Armed with this information, our team convinced executive management that the mobile app project should pivot focus from library patrons to library staff; specifically, student workers.
Empower student workers to be productive with their first shift in the library.
Student workers are seasonal in the library space, often assigned by the academic institution regardless of interest. Since assignments rarely last more than a year, there is a constant “brain drain” from a training perspective.
Student workers assigned to the Circulation desk need to retrieve requested materials from the library stacks. They track this list on paper by manually comparing titles, authors, and call numbers to the items on the shelf. Library staff spend hours teaching the call number system to students and how it maps to the stacks. The pull list becomes a snapshot in time because it has to be printed out and taken into the stacks. Whether items are found or not, the student returns to the desk to manually enter lost items or to mark the item as retrieved and ready for pick up.

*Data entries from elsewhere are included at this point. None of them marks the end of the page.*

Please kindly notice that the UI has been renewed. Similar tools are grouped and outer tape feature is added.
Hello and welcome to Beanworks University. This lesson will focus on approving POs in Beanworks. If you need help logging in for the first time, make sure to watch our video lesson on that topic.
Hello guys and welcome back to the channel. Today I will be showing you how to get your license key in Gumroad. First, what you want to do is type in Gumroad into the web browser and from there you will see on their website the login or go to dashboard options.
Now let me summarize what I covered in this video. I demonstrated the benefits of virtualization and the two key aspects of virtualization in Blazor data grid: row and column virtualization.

This manual processing requires many training hours, long retrieval times for patrons, inaccuracies if the wrong barcode is pulled, and time library staff don’t have to correct mistakes.
We mapped our APIs to the contextual inquiry problem statements, allowing us to identify data available to support user workflows. We took advantage of the smart phone camera to scan barcodes so students could confirm they were grabbing the right item for a pull list or inventory management. We also took advantage of the device’s vibration and chimes to signal to the student whether they found the right item or found an item that had a notification requiring it be returned to the librarian for additional processing. As we didn’t have a visual designer available for the project, I worked closely with the marketing design manager to interpret the OCLC brand into the app.

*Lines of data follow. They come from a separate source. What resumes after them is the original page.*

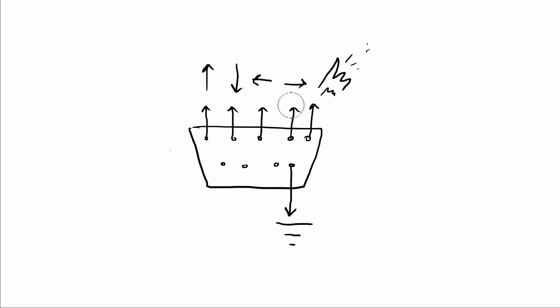So what the Nintendo and the Super Nintendo did was use something called a shift register. It looks like this - it's like a chip, and this one is the 4021 in the Super Nintendo.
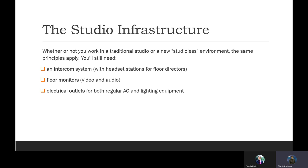The studio infrastructure. Whether or not you work in a traditional studio or a new studio-less environment, the same principles apply. You will still need an intercom system with headset stations for floor directors, floor monitors, video and audio, and electrical outlets for both regular AC and lighting equipment. This is the studio infrastructure.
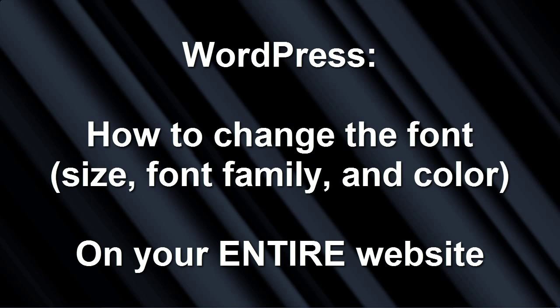Hi, I'm Guido and this is WordPress, how to change the font size, type and color.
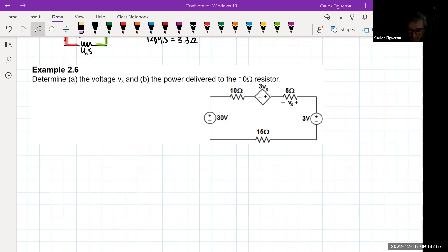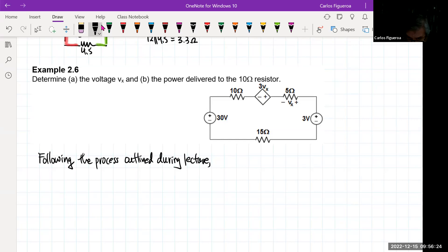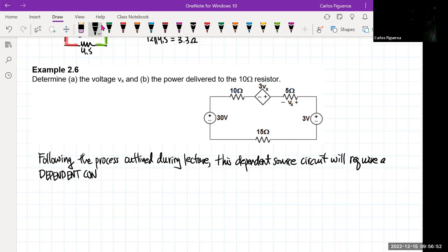Example 2.6: determine the voltage Vx and the power delivered to the 10 ohm resistor. Following the process outlined during lecture, this dependent source circuit will require a dependent condition, which I call the DC, to solve this circuit.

Each month, we reported to executive management as we identified user workflows, how to best take advantage of smart phone functionality, design specs, development demos, and finally the pilot with partner libraries.
What we learned
We paired off to perform contextual inquiries across small libraries in Ohio to learn patterns of opportunity, including the developers in the research so everyone had full ownership of what we learned and the project direction. We learned for some libraries, working with paper was a mere inconvenience, for others with large requesting numbers, it was barely manageable.
During our pilot, Overdrive released the Libby app. Prior to this, our app had a serious tone, as we were heavily influenced by library staff needs and preferences. Once we saw the bright openness of the Libby brand, we realized our intended student audience wouldn’t find much appeal in our library staff-focused app.
We worked with the corporate marketing and legal teams to rename the app and pivot the brand. The name suggested by our technical manager, Digby, became the final concept. Our UI designer ran with the Digby name, creating a fun yet professional theme based on the corporate brand.
The mobile app was adopted by 20% of the customer base within the first year.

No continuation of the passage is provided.